2. Fair Use. Company reserves the right to throttle or limit access if a user’s activity significantly exceeds average usage patterns in a manner that threatens platform stability for other users.
3. Enforcement. Violation of this AUP may result in immediate suspension of access and/or termination of the Agreement for cause.
OpsAI Services Addendum
This OpsAI Services Addendum (the "AI Addendum") is entered into by and between OpsAnalitica, LLC, a Colorado limited liability company (the "Company"), and the Customer identified on the applicable Order Form. This AI Addendum is effective as of the date of the signed Order Form and is hereby incorporated into and made a part of the OpsAnalitica SaaS Services Agreement (the "Agreement").
1. SCOPE OF SERVICES
The "OpsAI Suite" comprises all artificial intelligence-powered features integrated within the SaaS Services. Access to and utilization of these features, which include but are not limited to intelligent data analysis, automated summaries, and predictive reporting, necessitates the consumption of “AI Credits.”
2. THE CREDIT MODEL
2.1. Subscription-Based Credits. Access to the OpsAI Suite is conditional upon maintaining an active monthly AI Subscription. Each subscription tier shall include a pre-defined monthly allowance of AI Credits as expressly detailed in the Order Form.

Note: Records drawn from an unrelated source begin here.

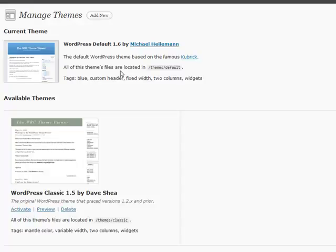Okay, now we're going to cover themes. This is a very big and important section of WordPress because everybody wants a custom look and feel for their blog.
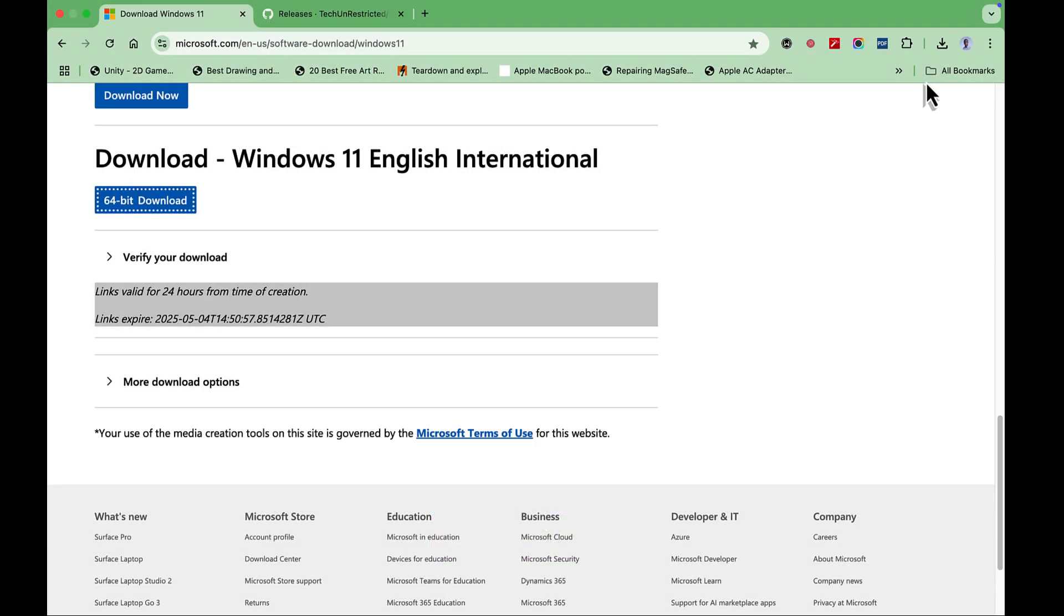By default, you download directly with your web browser by clicking the 64-bit download button.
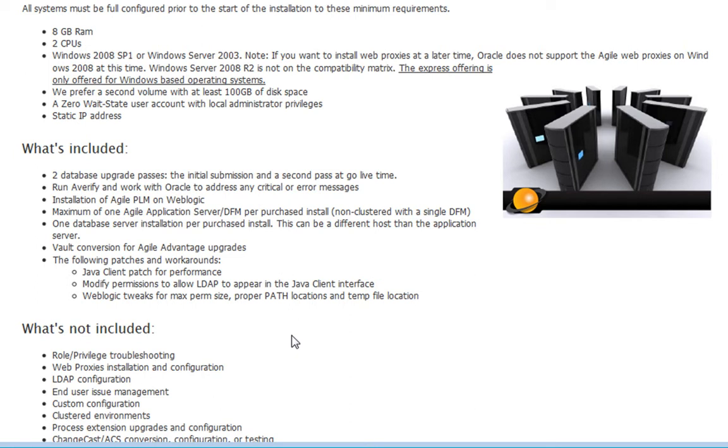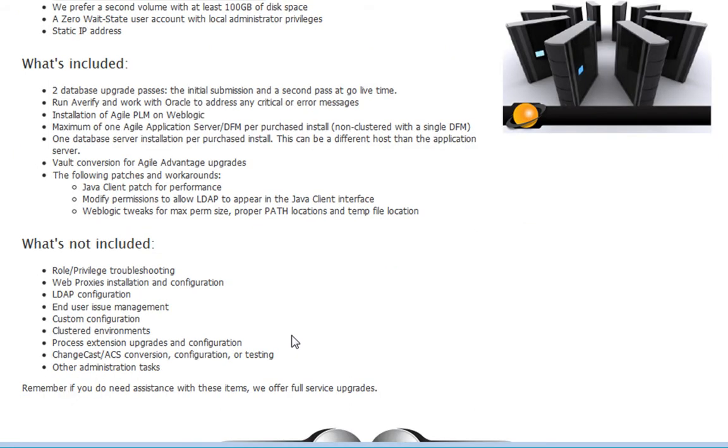Here we have a list of what's included and what's not included. Now be advised, the Express offering is not for every company. It's intended for those organizations with knowledgeable IT and Agile administration staff. Items that typically are not included in this offering are easily accomplished by your Agile administrators.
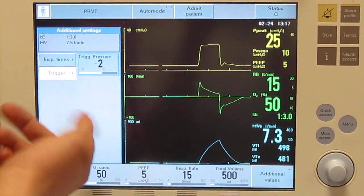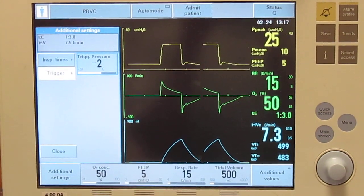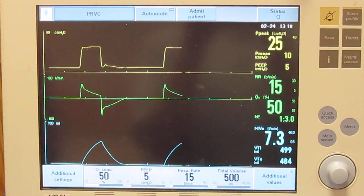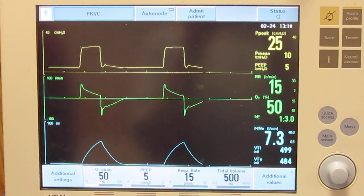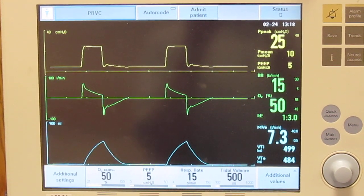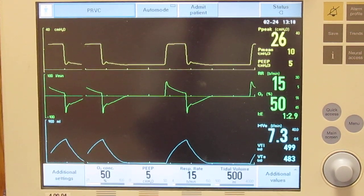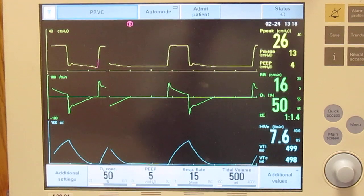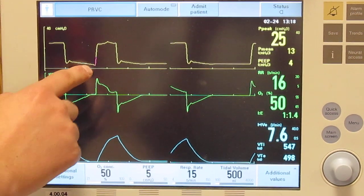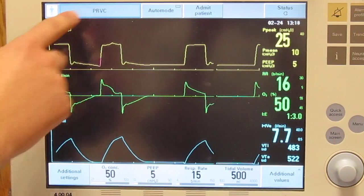We are in pressure right now. The sensitivity is set at minus two, so we will see what a breath looks like with that once it comes back around. So there's a mandatory breath, and there's a patient-triggered breath. You see it dropped a little.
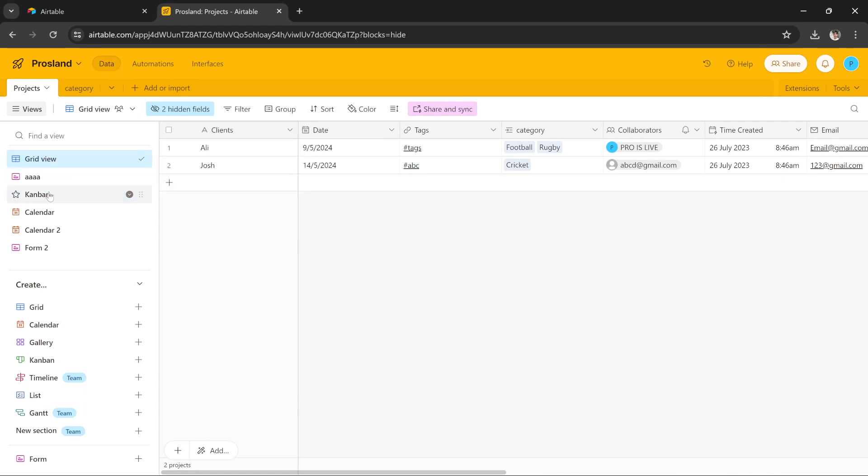It's got a grid view, Kanban, calendar, form view, and it's got a lot of data. So let's say that this data is very important and very organized, and I have to share it with my colleagues or whatever.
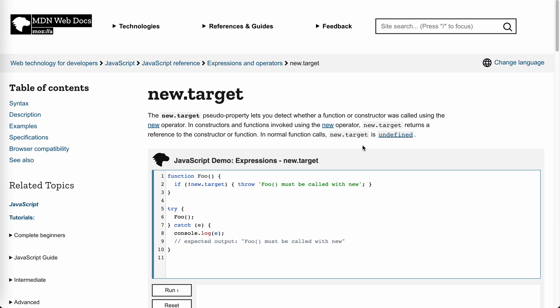So this is the documentation explanation for it. New.target - it's not some global object or window or anything. It's just a pseudo property within the body of a function. So you can only use new.target in a function call to check if this function is triggered with a new operator, whether the function is used as a constructor.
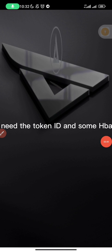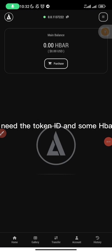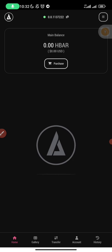To add a token, you need the token ID and some HBAR as I've said earlier.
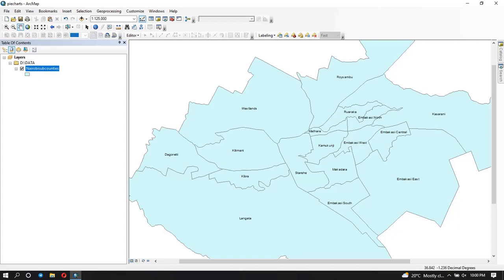Hi everyone, welcome back to my YouTube channel. In this video you're going to learn how to create graphs and charts in a map and how to add them to your map. You might need to create a chart or a graph when you have some data on your map and you want to give more information about it, or explain some trends and how things are changing.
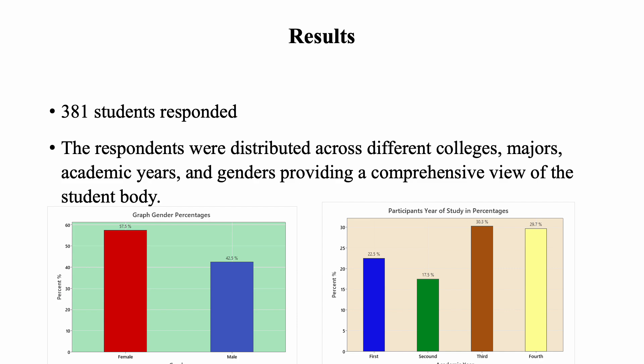For the data analysis, the survey questions were analyzed using a one-proportion hypothesis test. As you can see from the results, the 381 students who responded were distributed across different colleges, majors, academic years, and genders, providing a comprehensive view of the student body.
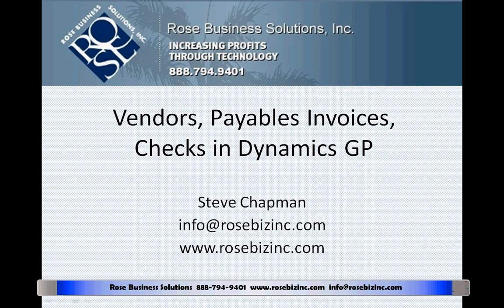So to get started with payables and Dynamics GP, it's really pretty easy. I do a minor setup, then I do Vendors, I enter the payables invoices, I include those invoices in the checks, and then I print the checks out.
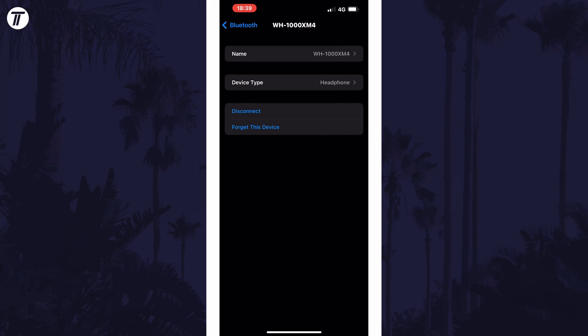And so that is how to connect a Bluetooth device on an iPhone or iPad in iOS. Click the card on screen now to watch a video of mine showing you ten easy ways to speed up your iPhone or iPad.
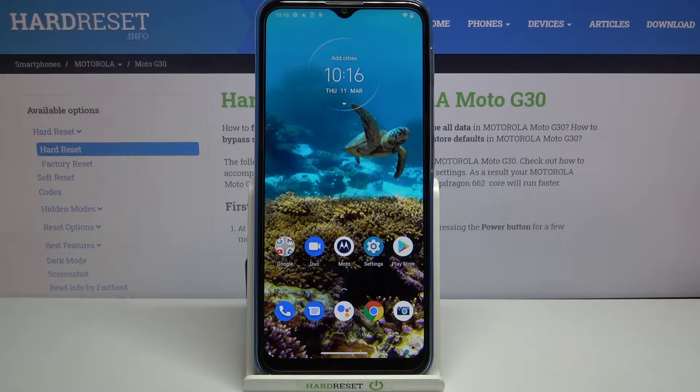Hi everyone, here we've got the Motorola Moto G30 and let me share with you how to enable developer options on this device.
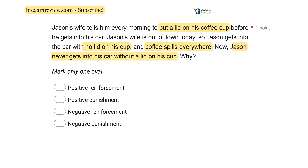Punishment decreases; reinforcement increases. So then we have to ask ourselves, is it positive or negative? Meaning, was the consequence added — positive — or was something removed — negative? In this case, the coffee spilled everywhere, meaning the stimulus of the spill was added to the environment, making it positive. So we put those two together: a positive consequence that was added, decreased Jason's behavior — that's positive punishment. As a result of positive punishment, Jason never gets into his car without a lid on his cup.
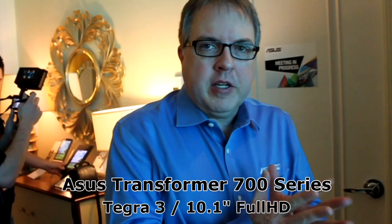Welcome to ASUS. We're here at CES 2012 and we're introducing our new Transformer 700 series. This is another unit in the Transformer Prime family.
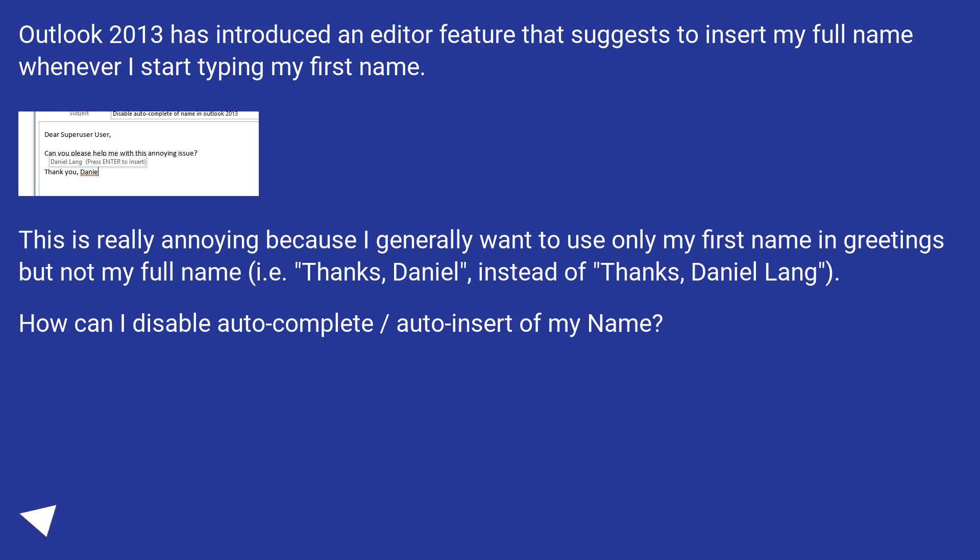This is really annoying because I generally want to use only my first name in greetings but not my full name, i.e. Thanks, Daniel, instead of Thanks, Daniel Lang.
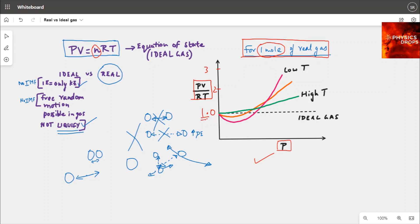But what happens when we increase the pressure? As the pressure increases, all the different colored lines plotted here deviate away from ideal gas behavior. Which means when pressure is increased they move farther from the dotted line — the value of n keeps increasing on the y-axis.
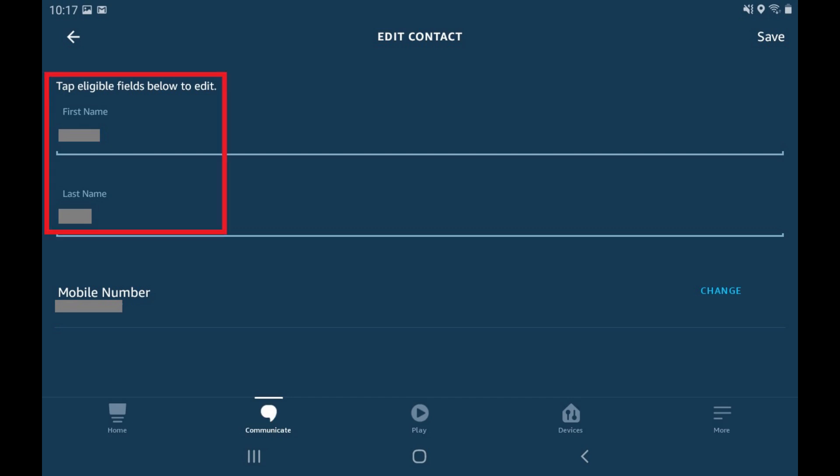Step 5. Tap to change the fields associated with your first and last name to reflect what you want your Alexa devices to call you, and then tap Save. In this example, I'll change my name to James Howlett.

2.2. Expiration and Forfeiture. AI Credits are allocated on a monthly basis and are subject to a "Use It or Lose It" policy. Any unused Credits shall expire immediately at the conclusion of the billing cycle and shall not roll over to the subsequent month. Credits are strictly non-refundable and are ineligible for any form of redemption, including "buy-back" or cash value.
2.3. Active Subscription Requirement. AI Credits may only be utilized while the Customer maintains a continuously active and paid OpsAI Suite subscription. Any forfeiture of the AI Subscription shall result in the immediate and total forfeiture of all remaining Credits.
3. CREDIT EXHAUSTION AND REPLENISHMENT
3.1. Service Interruption. Upon the Customer’s AI Credit balance reaching zero (0), the OpsAI Suite features shall cease to function immediately. The Core SaaS Services shall remain operational and unaffected.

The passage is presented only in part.